Early stopping is a regularization technique that helps prevent overfitting in XGBoost models by halting the training process when the model’s performance on a validation set stops improving.

By setting the min_delta parameter in the xgboost.callback.EarlyStopping callback, you can control the minimum improvement required to continue training, effectively tuning the sensitivity of the early stopping mechanism.

This example demonstrates how to configure the early stopping tolerance using the native XGBoost API with xgboost.callback.EarlyStopping(min_delta=0.01):

from sklearn.datasets import load_breast_cancer
from sklearn.model_selection import train_test_split
import xgboost as xgb

# Load the breast cancer dataset
data = load_breast_cancer()
X, y = data.data, data.target

# Split the data into training and validation sets
X_train, X_val, y_train, y_val = train_test_split(X, y, test_size=0.2, random_state=42)

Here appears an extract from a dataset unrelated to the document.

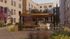 Charming outdoor courtyard with a stylish pergola, modern seating, and BBQ area surrounded by lush landscaping and vibrant apartment buildings.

# Set up early stopping callback with min_delta=0.01
early_stop = xgb.callback.EarlyStopping(rounds=10, min_delta=0.01)

# Define XGBoost parameters with early stopping callback
params = {
    'objective': 'binary:logistic',
    'eval_metric': 'error',
    'learning_rate': 0.1,
    'max_depth': 3,
    'subsample': 0.8,
    'colsample_bytree': 0.8,
    'callbacks': [early_stop]
}

# Train the model with early stopping
model = xgb.XGBClassifier(**params)
model.fit(X_train, y_train, eval_set=[(X_val, y_val)])

# Print the best iteration and best score
print(f"Best iteration: {model.best_iteration}")
print(f"Best score: {model.best_score}")

The min_delta parameter sets the minimum improvement required to continue training. A smaller min_delta will allow training to continue for more rounds, while a larger value will be stricter and stop earlier. In this example, we set min_delta=0.01, meaning that training will stop if the validation error does not improve by at least 0.01 for 10 consecutive rounds (as specified by the rounds parameter).

Choosing an appropriate min_delta value depends on the problem and the evaluation metric. It’s a good idea to start with a default value like 0.01 and adjust based on the model’s performance on the validation set. If the model is stopping too early, you may want to decrease min_delta to allow for more fine-tuning. Conversely, if the model is overfitting, increasing min_delta can help stop training earlier.

In addition to min_delta, it’s essential to monitor other early stopping parameters like early_stopping_rounds (or rounds in the native API) and eval_metric. The early_stopping_rounds parameter determines the number of consecutive rounds without improvement before stopping, while eval_metric specifies the evaluation metric to use for early stopping.

By carefully tuning the early stopping tolerance and related parameters, you can effectively regularize your XGBoost models and find the optimal balance between model complexity and generalization performance.